● Work order
Print the data that follows word for word, leaving out any picture.

● Collected data
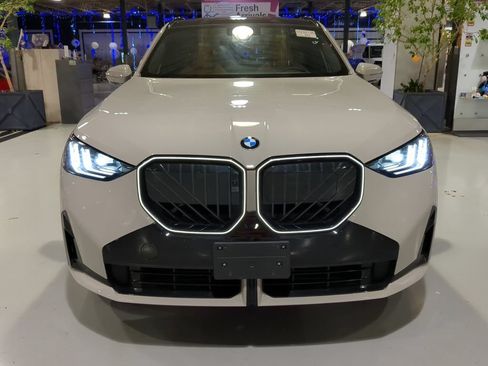 Certified 2025 BMW X3 xDrive30i w/ Premium Package AWD/4WD image 3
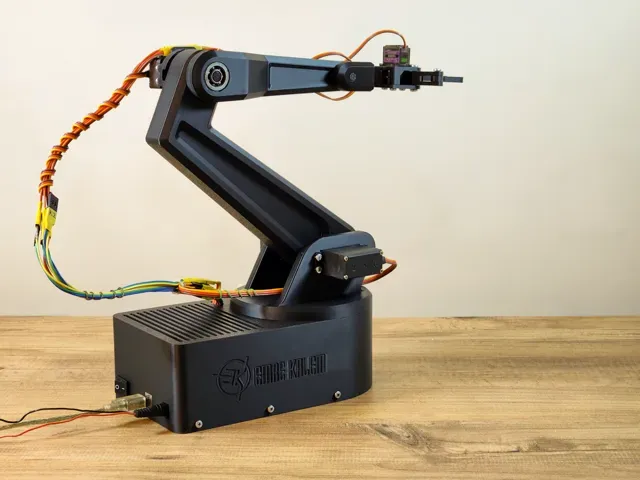 Robotic Arm with Servo & Arduino — Image 5 of 13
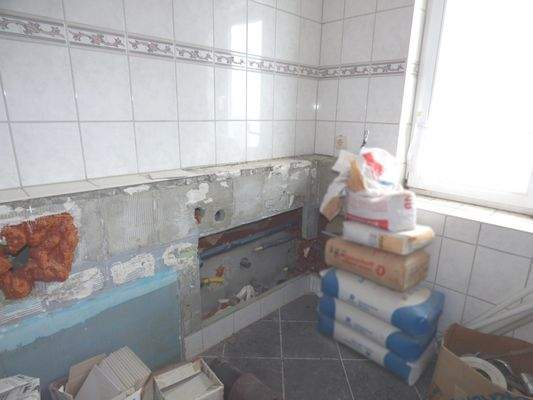 Bad, unsaniert im Obergeschoss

● Answer space
 Certified 2025 BMW X3 xDrive30i w/ Premium Package AWD/4WD image 3
 Robotic Arm with Servo & Arduino — Image 5 of 13
 Bad, unsaniert im Obergeschoss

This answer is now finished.